Each version builds upon the previous one:
🧠 Focus Faces: precise face swaps, keeping the original head shape and hair while transferring facial identity and expression.
🧩 Focus Head: stronger head swaps, replacing the full head (including hair and pose orientation).
The 2 versions complement each other, one is focused on face swapping and the other is focused on head swapping.
Share your creations that do not involve public figures or individuals who have not given consent. By sharing, you will earn Buzz, and your posts directly help me improve future versions by identifying and correcting potential issues.
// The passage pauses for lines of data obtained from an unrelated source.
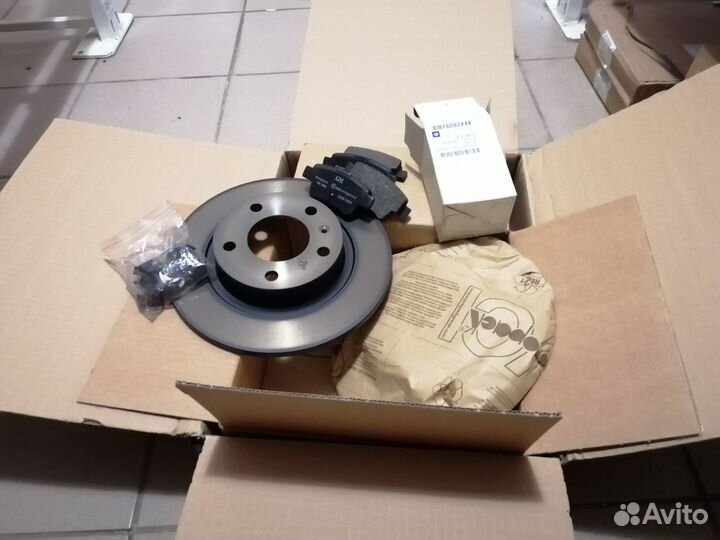 Комплект задние торм.диски + колодки Корса Д. Новы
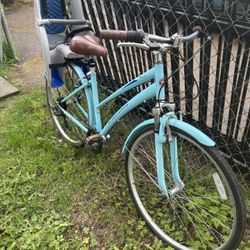 LOW PRICE MOVING- $600 RETAIL ADULT BEAUTIFUL CRUISER BIKE 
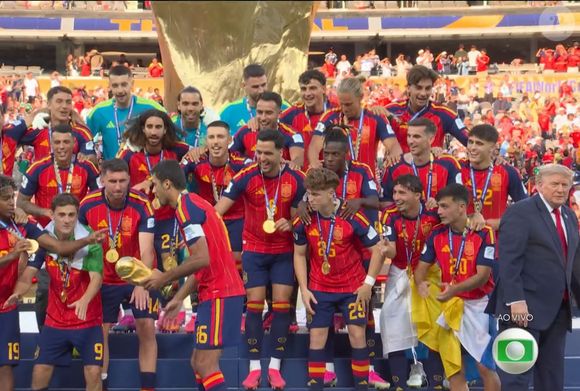 Trump acabou participando da foto oficial da Espanha, campeã da Copa do Mundo 2026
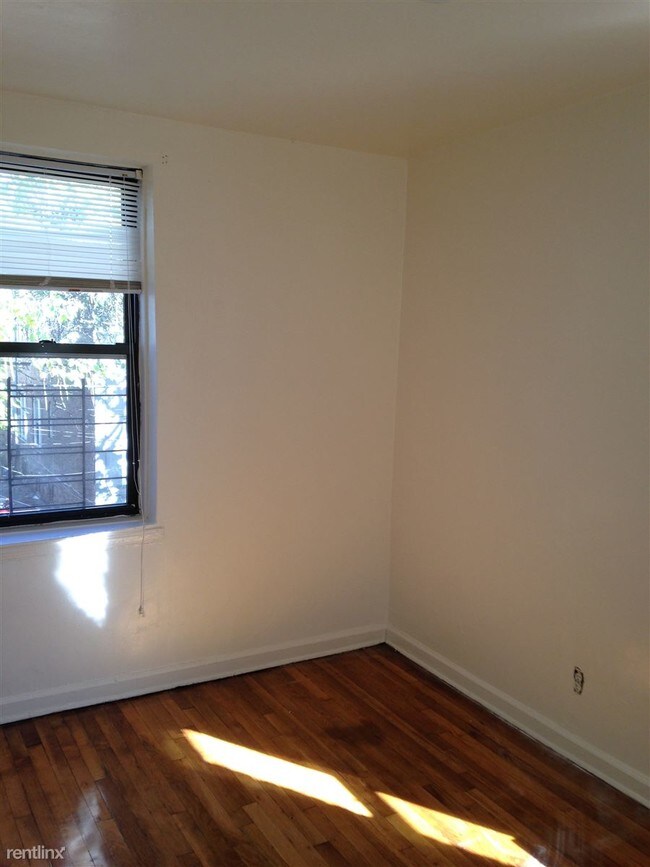 Building Photo - 2104 Caton Ave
Important Note: If you are going to use Qwen Image Edit 2511, update your comfyui before anything else, because without it you may have problems with completely distorted or ugly images.
Workflows:
Head/Face Swap Workflow - Qwen-Image-Edit-2509 | Civitai
My Custom Lightning LoRA:
Custom Lightning - Qwen Image Edit - 2511 | Qwen LoRA | Civitai
Alissonerdx/CustomLightning · Hugging Face
Test V3 here:
BFS Best Face Swap - a Hugging Face Space by Alissonerdx
Face Swap Video Tests (V1):
Face Swap - Qwen Image Edit 2509 (English)
Another important thing is to update ComfyUI. Many people are having terrible results because they haven't updated ComfyUI. The 2511 model has an architecture with a few more layers, and that's why ComfyUI needs to be updated.
About Flux 2:
I've done my best so far, but the results aren't as good as with QWEN. The base Flux 2 model can already handle head swapping, but with some difficulties. The goal of this LoRa was to try and improve that a bit, but I haven't achieved very good results. It might be a configuration issue, so here's this beta version for you to test.
Try with CFG: 8.0
PERSONAL NOTES:
The swap quality will always depend heavily on the quality of your input images. Larger, clean images with little noise or compression artifacts generally produce the best results. Keep in mind that the model always follows the quality of the body image, since it becomes the final rendered frame—so even if the face source is high-quality, a low-resolution or noisy body image will limit the outcome.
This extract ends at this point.